[Question] Why does DQN in StableBaseline3 not support MultiDiscrete action spaces

PBerit commented 2 years ago

Hi all,

I would like to use Deep-Q-Learning and I have a continuous state space and 3 actions (thus a 3 dimensional action space). What I fould confusing is that the StableBaseline version of DQN can't handle multiple actions spaces according to the offical website https://stable-baselines3.readthedocs.io/en/master/guide/algos.html#.

As far as I understand the MultiDiscrete action space are just multiple actions that have different number of discrete actions. Normally, an Artifical Neural Network, that is used in Q-Learning for the mapping, should be able to map any number of inputs to any number of outputs. So why can the StableBaseline version of Deep-Q-Network only have 1 action variable?

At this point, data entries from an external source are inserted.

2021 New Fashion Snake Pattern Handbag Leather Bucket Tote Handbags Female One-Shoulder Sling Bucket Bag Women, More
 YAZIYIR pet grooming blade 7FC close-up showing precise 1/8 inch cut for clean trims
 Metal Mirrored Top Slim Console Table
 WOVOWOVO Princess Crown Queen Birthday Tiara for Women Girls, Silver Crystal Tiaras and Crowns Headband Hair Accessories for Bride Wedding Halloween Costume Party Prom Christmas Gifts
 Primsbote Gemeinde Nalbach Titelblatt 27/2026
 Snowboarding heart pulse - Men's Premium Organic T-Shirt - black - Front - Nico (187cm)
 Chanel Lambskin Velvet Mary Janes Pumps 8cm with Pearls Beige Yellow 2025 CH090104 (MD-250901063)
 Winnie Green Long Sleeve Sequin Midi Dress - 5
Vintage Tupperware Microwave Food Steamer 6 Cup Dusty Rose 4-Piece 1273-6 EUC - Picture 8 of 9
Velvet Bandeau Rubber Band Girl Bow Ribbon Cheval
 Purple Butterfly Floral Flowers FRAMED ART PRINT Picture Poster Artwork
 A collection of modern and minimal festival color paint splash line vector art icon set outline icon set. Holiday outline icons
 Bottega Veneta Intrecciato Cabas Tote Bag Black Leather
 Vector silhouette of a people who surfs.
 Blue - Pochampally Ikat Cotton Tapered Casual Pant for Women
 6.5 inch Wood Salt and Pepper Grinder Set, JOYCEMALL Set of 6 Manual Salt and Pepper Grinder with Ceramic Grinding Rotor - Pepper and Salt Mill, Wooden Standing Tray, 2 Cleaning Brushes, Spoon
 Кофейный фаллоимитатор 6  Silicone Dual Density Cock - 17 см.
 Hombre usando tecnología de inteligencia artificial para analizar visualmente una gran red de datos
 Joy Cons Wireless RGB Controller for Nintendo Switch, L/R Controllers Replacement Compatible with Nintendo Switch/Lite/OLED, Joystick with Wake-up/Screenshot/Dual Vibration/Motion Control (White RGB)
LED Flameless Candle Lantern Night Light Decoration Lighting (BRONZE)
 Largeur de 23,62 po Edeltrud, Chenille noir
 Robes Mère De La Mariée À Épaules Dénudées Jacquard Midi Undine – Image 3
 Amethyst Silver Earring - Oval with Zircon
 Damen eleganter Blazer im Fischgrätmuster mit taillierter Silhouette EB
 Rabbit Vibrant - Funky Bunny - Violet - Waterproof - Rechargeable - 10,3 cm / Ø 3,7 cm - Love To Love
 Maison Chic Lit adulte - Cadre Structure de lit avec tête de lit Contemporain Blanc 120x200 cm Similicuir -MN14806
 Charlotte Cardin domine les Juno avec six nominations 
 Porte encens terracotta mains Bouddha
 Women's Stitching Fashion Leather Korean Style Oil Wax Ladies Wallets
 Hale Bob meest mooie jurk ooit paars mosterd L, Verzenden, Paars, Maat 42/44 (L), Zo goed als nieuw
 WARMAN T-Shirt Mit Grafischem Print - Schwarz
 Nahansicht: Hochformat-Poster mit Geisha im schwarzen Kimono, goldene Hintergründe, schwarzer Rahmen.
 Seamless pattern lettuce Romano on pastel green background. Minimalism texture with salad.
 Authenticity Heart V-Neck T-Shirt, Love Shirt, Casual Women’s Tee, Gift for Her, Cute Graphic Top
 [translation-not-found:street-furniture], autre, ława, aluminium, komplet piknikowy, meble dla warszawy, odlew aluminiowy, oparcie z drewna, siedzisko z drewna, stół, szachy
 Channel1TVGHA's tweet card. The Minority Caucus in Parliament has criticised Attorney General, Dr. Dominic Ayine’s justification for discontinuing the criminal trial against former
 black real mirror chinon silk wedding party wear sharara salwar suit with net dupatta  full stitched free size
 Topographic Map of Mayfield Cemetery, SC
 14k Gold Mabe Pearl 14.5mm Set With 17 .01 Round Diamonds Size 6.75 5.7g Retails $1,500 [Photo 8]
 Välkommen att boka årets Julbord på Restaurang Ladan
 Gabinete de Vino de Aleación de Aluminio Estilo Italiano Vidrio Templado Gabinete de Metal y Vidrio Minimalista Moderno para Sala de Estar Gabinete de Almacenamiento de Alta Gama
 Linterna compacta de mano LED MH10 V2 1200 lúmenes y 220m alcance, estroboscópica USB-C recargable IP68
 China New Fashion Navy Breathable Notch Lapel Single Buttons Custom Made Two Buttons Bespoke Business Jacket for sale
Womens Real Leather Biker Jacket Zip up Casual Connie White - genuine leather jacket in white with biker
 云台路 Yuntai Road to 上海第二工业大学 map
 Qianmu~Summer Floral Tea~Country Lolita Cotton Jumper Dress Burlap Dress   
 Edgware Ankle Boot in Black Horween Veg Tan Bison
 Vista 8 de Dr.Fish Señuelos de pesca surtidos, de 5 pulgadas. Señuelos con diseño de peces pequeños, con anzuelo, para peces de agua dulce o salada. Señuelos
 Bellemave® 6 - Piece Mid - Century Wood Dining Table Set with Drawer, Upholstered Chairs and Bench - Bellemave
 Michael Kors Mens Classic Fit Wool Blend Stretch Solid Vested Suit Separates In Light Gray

Miffyli commented 2 years ago

Regular DQN only works with a Discrete action space where it can choose one action from many, because it predicts the Q-value for all possible actions. A straight-forward (but crude) approach to do this for MultiDiscrete space is to predict Q-value for all possible combinations of the multiple Discrete choices, but this quickly blows up in size.

For a more sophisticated approach (and more details on the matter), see this paper on branching DQN.

PBerit commented 2 years ago

@Miffyli : Thanks Miffyli for your answer. What do you mean by "Regular DQN only works with a Discrete action space where it can choose one action from many, because it predicts the Q-value for all possible actions"? Normally, a Neural Network can map any inputs to any outputs and Deep-Q-Learning uses a Neural Network. So why can the Stable Baseline Deep-Q-Learning only have 1 action?

Miffyli commented 2 years ago

Normally, a Neural Network can map any inputs to any outputs and Deep-Q-Learning uses a Neural Network. So why can the Stable Baseline Deep-Q-Learning only have 1 action?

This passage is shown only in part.